The heady days of fearless explorers at the vanguard of empire were petering out in monstrous global bloodshed, and perhaps nowhere was has been more symbolic of the ruin of imperial ambition that that graveyard of empires, Afghanistan, which has been the rock upon which the British, Russian and American empires have each experienced their own version of foundering. And a 20 year occupation ending in a collapsed nation at the cost of nearly 2,500 military deaths and two trillion dollars – it’s hard to argue that this was not some manner of serious foundering. That barren place has a long history of proving impossible to govern. Sir John Lawrence of the British India Council in the 1860s described Afghanistan as “a country too poor to support an occupying army; too fractious to be controlled by a smaller force.”
“‘We have men, and we have rocks in plenty,’ he remembered Dost Mohammed once telling him, ‘but we have nothing else.’ To attempt domination of such a people, Lawrence felt, was to court misfortune and calamity. ‘The Afghan will bear poverty, insecurity of life; but he will not tolerate foreign rule. The moment he has a chance, he will rebel.’ Nor would it make any difference if the British attempted to enter Afghanistan as friend: ‘The Afghans do not want us; they dread our appearance in the country. The circumstances connected with the last Afghan War have created in their hearts a deadly hatred to us as a people.”
American involvement, to be truthful, has been longer than 20 years – given that in 1838 “on the highest pass, that of Khazar, some 12,500 feet above sea level, [American adventurer Josiah] Harlan unfurled the American flag, and his troops fired a twenty-six gun salute.”

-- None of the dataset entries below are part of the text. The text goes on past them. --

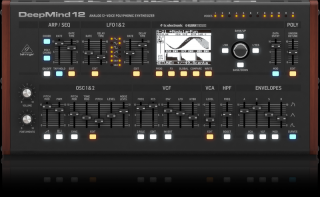 Behringer DEEPMIND 12D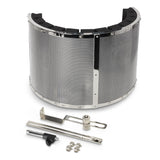 Adam Hall RF1 Mikrofonin näyttö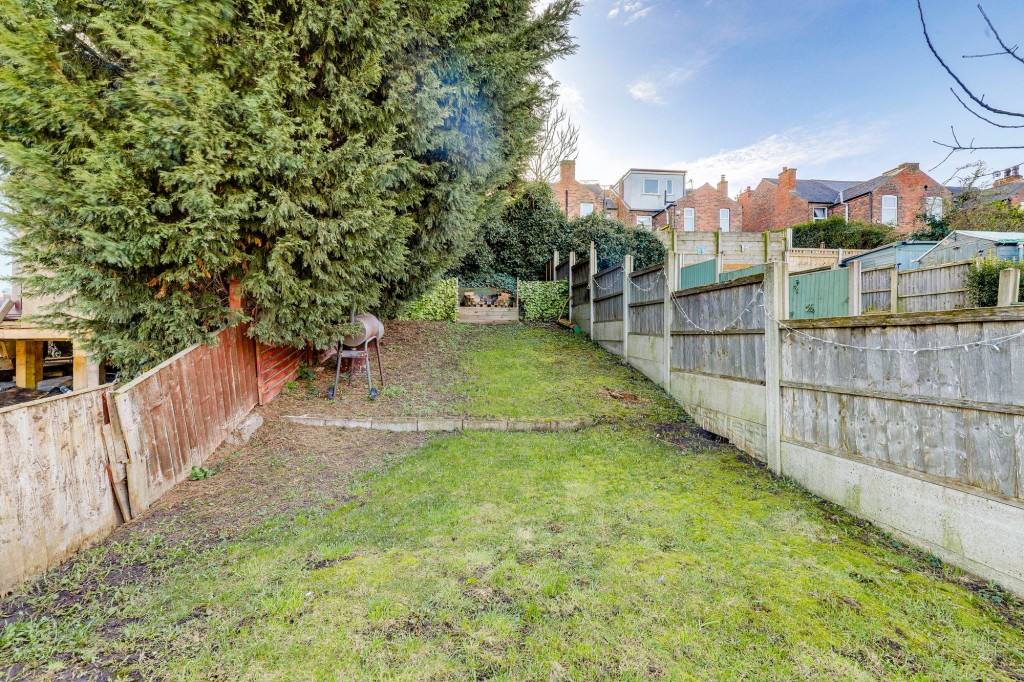 Burgass Road, Nottingham, NG3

I’ve heard it said by seemingly intelligent people that you have to look at current events, and political players in those events, through the lens of what’s uniquely happening today. I utterly reject this notion, clear in the knowledge that history’s lessons remain valid and deafening for those who seek them. The ruin of empires that crashed upon each other in central Asia between 1800 and 2000 bears much relevance for us today, just as does the period in the late 1930s which “The Great Game” refers to Democracy’s “collective loss of nerve,” in which “in Asia as in Europe, the initiative seemed to lie with the dictators.” Are we entering yet another Great Game, which, as the last one proved, will not in fact make any nation Great? Or can those with eyes to view the lessons of the past have sufficient voting power to steer us away from the abyss into which perhaps half of the population is hurtling us?